# Is it legal?



## mrmoby (Jan 18, 2005)

I'm wondering if anyone here is aware of any sources on the web regarding the legality of particular fish in particular states.

The reason I ask is because I am told that the LFS have a somewhat limited selection due to state restrictions. I know I could probably contact Me Dept of Fisheries, but I would like to be able to compare to neighboring states without having to go through each states particular bureau.


----------



## violet (Mar 17, 2006)

I have never found anything close. Plus the restriction are constantly in flux so I wouldn't trust the a state by state national list to be up to date.

Yeah, you have some weird restrictions, my sympathies.


----------



## MaryPa (Jan 25, 2006)

They`re only restricted on selling endangered or neusience fish ( piranahs,snakeheads etc. ) Most LFS have one seller they get from and are limited only by the stock that seller has. Check Aquabid if there`s anything special you want. Go to Aquabids Cafe forum and post a wanted thread.:mrgreen: Or just email Pete or Sue Mang .


----------



## joe kool (Jan 24, 2005)

and usually the fish & game for each state will have a web site with that informatin available ... google is your friend

http://www.maine.gov/ifw/

and if you can't find it ... they have a "contact us" section and they should be able to send you a link


----------



## TheOldSalt (Jan 28, 2005)

Since only a few fish are regulated, that is no excuse for a crappy selection at your local shops.


----------



## lohachata (Jan 27, 2006)

exactly TOS...you live in maine...your LFS's selection is only limited to the amount of money the owner wants to spend to stock his store..


----------



## joe kool (Jan 24, 2005)

true ... I don't even think the piranha are regulated as the local waters get WAY too cold for them to survive. As long as your water-ways get cold enough for the fish not to be able to survive a full season they're usually not regulated. Down here in Texas where I'm stationed right not if you even say piranha they start rattlein the cuffs LOL. the same with any of the snakehead variaties and a few other highly predatory fish.


----------



## mrmoby (Jan 18, 2005)

It's not just one store that has a poor selection, it 's all of them. Petco, Petsmart, Walmart, and the independents. They all carry the same fish. 

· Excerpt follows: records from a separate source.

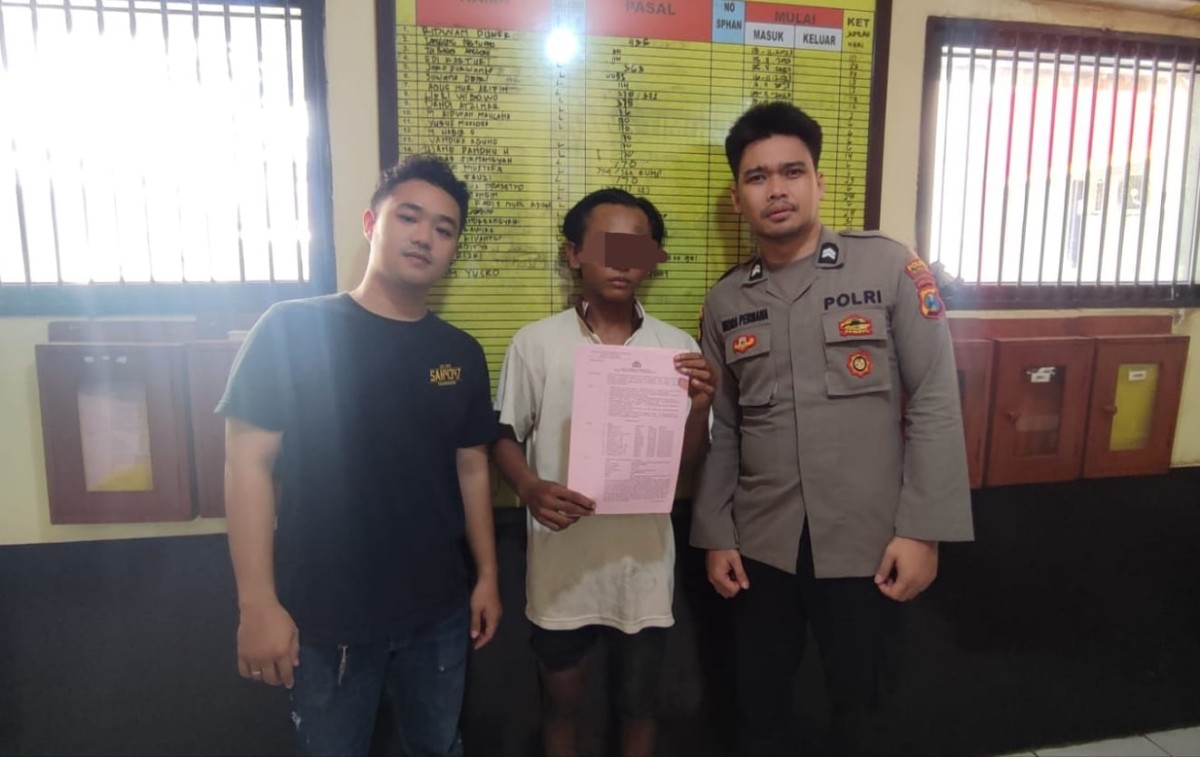 Tersangka MIA saat ditahan di Tulungagung. (Foto: Bramanta Pamungkas/jatimnow.com)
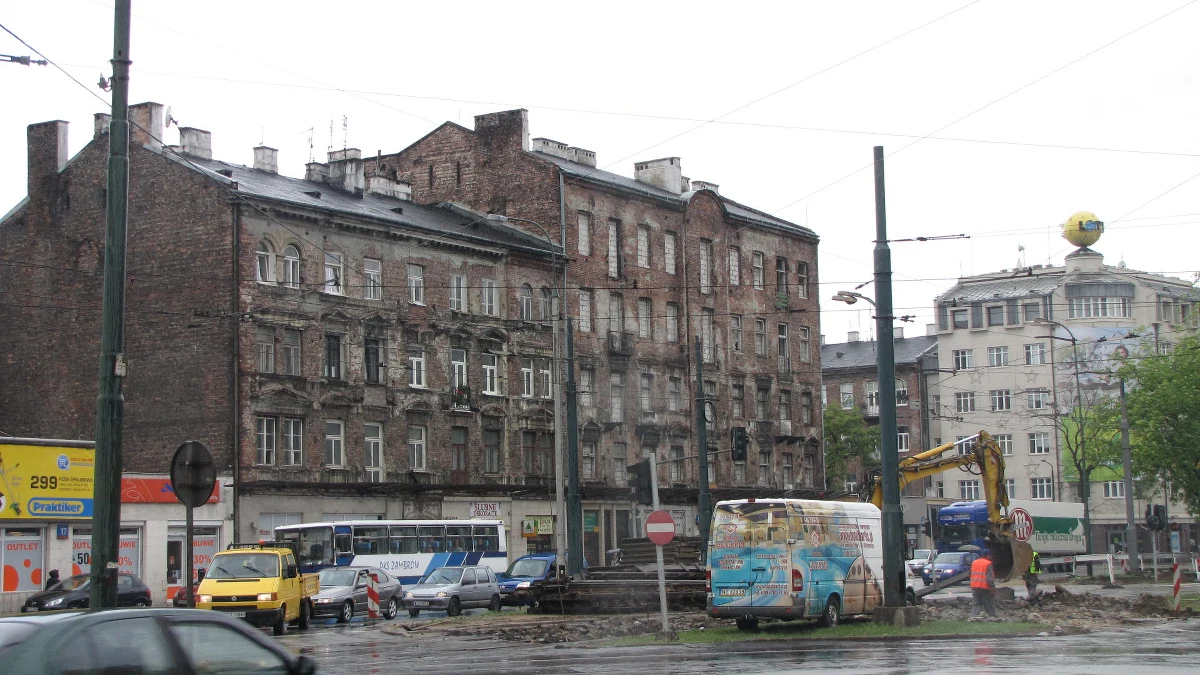 Nie ma pieniędzy, nie ma czasu i zabrakło lepszego pomysłu, dlatego w Warszawie rozpoczęło się prowizoryczne upiększanie miasta przed Euro 2012. Wielkopowierzchniowe reklamy i płachty materiału zasłonią część zniszczonych kamienic, a nawet jeden z mostów - most kolejowy.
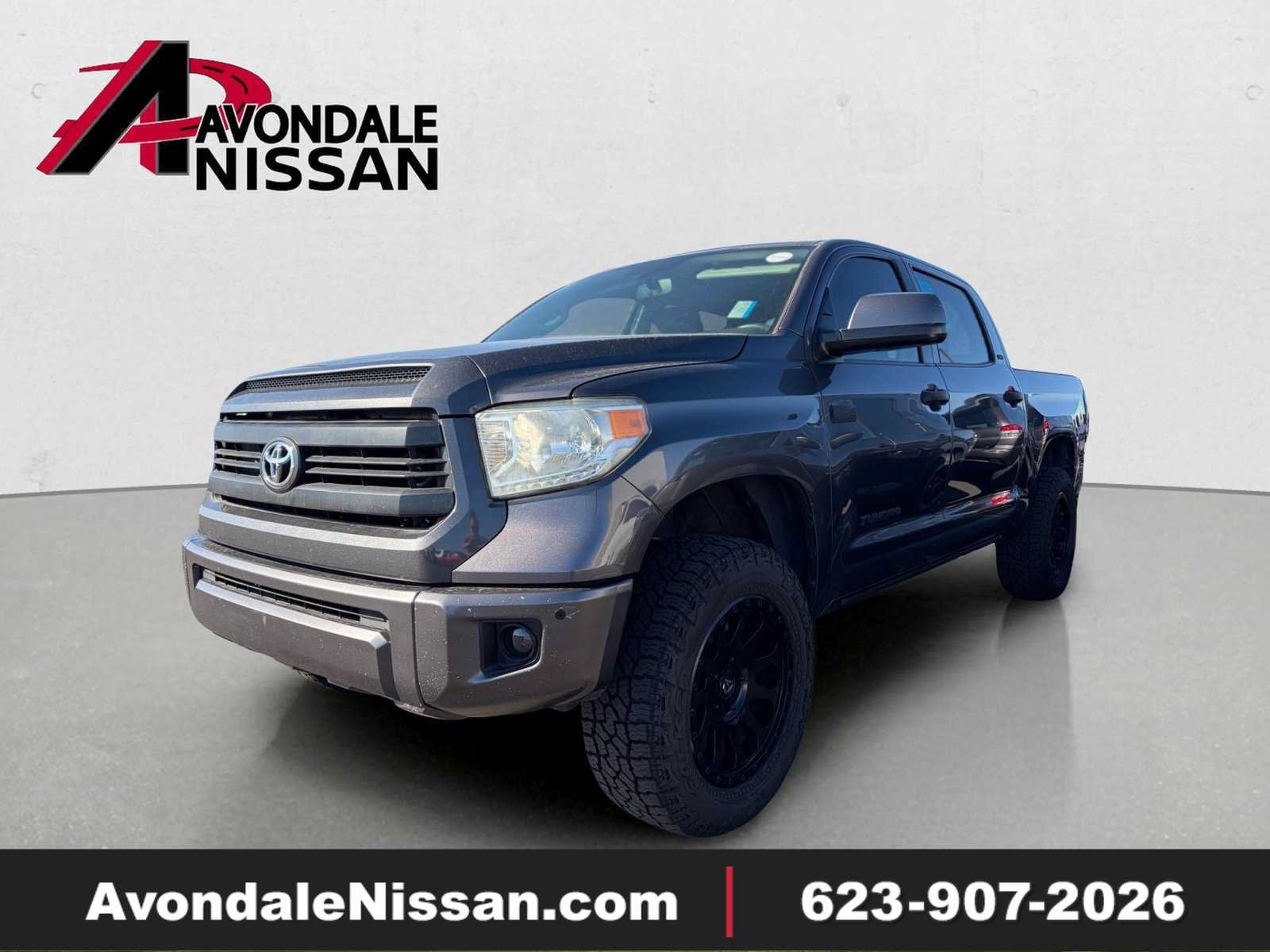 Used 2017 Toyota Tundra SR5 w/ SR5 Upgrade Package RWD image 1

I have already been to the state fish and game site, which was of little use in this case.

I have heard the "heavily regulated' story in more than place. When I visit my folks in MA the stores have so many fish that I have only heard of. They do sometimes do things a little ass backwards here...........


----------



## violet (Mar 17, 2006)

I don't fish shop in ME but some years back I know they went on a spree of banning aquatics. This despite how impossible it would be for most of the stuff to live in local waters. MA actually did a similar thing but repealed a lot of the silliest banned fish. 

I was going to NH to get white clouds to smuggle back... oooooo, white clouds, dangerous predator which will outcompete our precious game fish. They are snacks for the bluegills, not much else.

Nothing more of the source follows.